Climate: we can unite direct action with mass mobilisation

The “We Quit” declaration by Extinction Rebellion in Britain that it will step back from disruptive, direct action to build a 100,000-strong rally on 21 April has ignited a debate about the best approach to fighting climate change.

XR rightly said: “Despite the blaring alarm on the climate and ecological emergency ringing loud and clear, very little has changed. Emissions continue to rise and our planet is dying at an accelerated rate.”

But in a shift that many have interpreted as an admission that direct action does not work, the statement added: “XR is committed to including everyone in this work and leaving no one behind, because everyone has a role to play. This year, we prioritise attendance over arrest and relationships over roadblocks, as we stand together and become impossible to ignore.”

Meanwhile XR in Australia has pledged to continue disruptive direction action, with groups in SA and Victoria focusing on the Tour Down Under bike race, which is sponsored by fossil fuel corporation Santos.

Effective

But do we need to choose between direct action and mass mobilisations? Socialists support both mass mobilisations and direct action to achieve change.
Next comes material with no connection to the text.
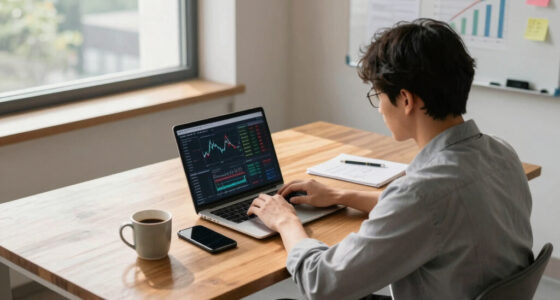 Readiness: Before You Fund The Answer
And often the most effective movements combine both.

We also argue that movements of resistance will be strongest if they involve organised workers, who have the power to stop the capitalist system that puts profits before people and planet.
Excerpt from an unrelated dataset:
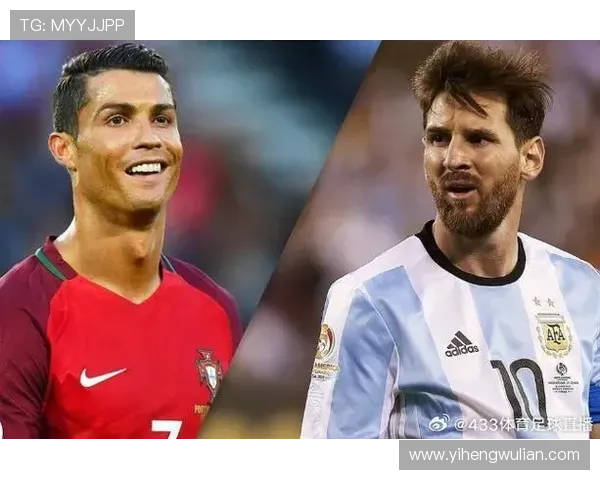 棒球中的“小球战术”是否过时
When wharfies employed by stevedoring company Patrick were locked out of work in 1998, thousands poured on to picket lines to defend them and their union, the Maritime Union of Australia. Some workers walked off the job to join the protests.

When the Liberal government in Victoria threatened to break the picket with police violence and water cannons, thousands stood firm, forcing the police to surrender.

People often fear that direct action and disruption will isolate activists and lose the “middle ground”. But defiance on the picket lines ensured that the struggle was in the news and allowed the MUA to get its argument out to millions. MUA members marched back to work, their union intact.

On 11 September 2000, activists up and down the country converged on Melbourne to protest against top corporate bosses at a World Economic Forum conference.

While some sections of the movement kept their distance, worried that militancy would lose public support, protest organisers called for direct action and mass mobilisation, telling the media that 10,000 people would surround the event at the Crown Casino building and shut it down—which is what happened.

Hundreds of bosses failed to get into the event on the first day. On the second, thousands of striking workers marched to Crown to join what became known as the S11 blockade.

The media interviewed protest organisers and the anti-capitalist message was heard and supported widely.

In November 2018, 200 teachers from more than 50 schools across Victoria and 150 teachers from 20 schools in Brisbane walked out to demand the government bring all children and adult refugees off Nauru and Manus.

The strike built on the momentum generated by mass protests across the country. Teachers wore pro-refugee T-shirts at school, often defying their principals or state governments. This in turn inspired similar actions by nurses, librarians, health workers and university staff.

The Morrison government buckled, bringing refugee children and their parents to Australia from Nauru.

Serious attempt

What all these examples had in common was direct action on a large scale, involving hundreds or thousands of people. They were also part of serious attempts to mobilise thousands more in less confrontational protests, and helped workers gain the confidence from a growing movement to move into action.

To rebuild a mass climate movement that can win demands like no new coal, oil or gas, 100 per cent public renewables and guaranteed good jobs for fossil fuel workers, we need to combine all those elements.

The campaign to stop Santos extracting coal-seam gas in the Pilliga is uniting Indigenous people, environmentalists and unionists around protests, rallies and potential union bans.

This month, Solidarity and XR members and other community activists joined the bus drivers’ picket line in Adelaide, showing the kind of unity that will be needed to win a massive expansion of public transport.

Rebuilding a large and militant climate movement can pose a challenge to the government, just as it did in 2019. That would give confidence that those at the top can be beaten.

The excitement, militancy and tactics of the climate movement could be brought into workers’ struggles. And, in return, the strength of such action can be a demonstration of where our power in society—and our potential to change it—lies.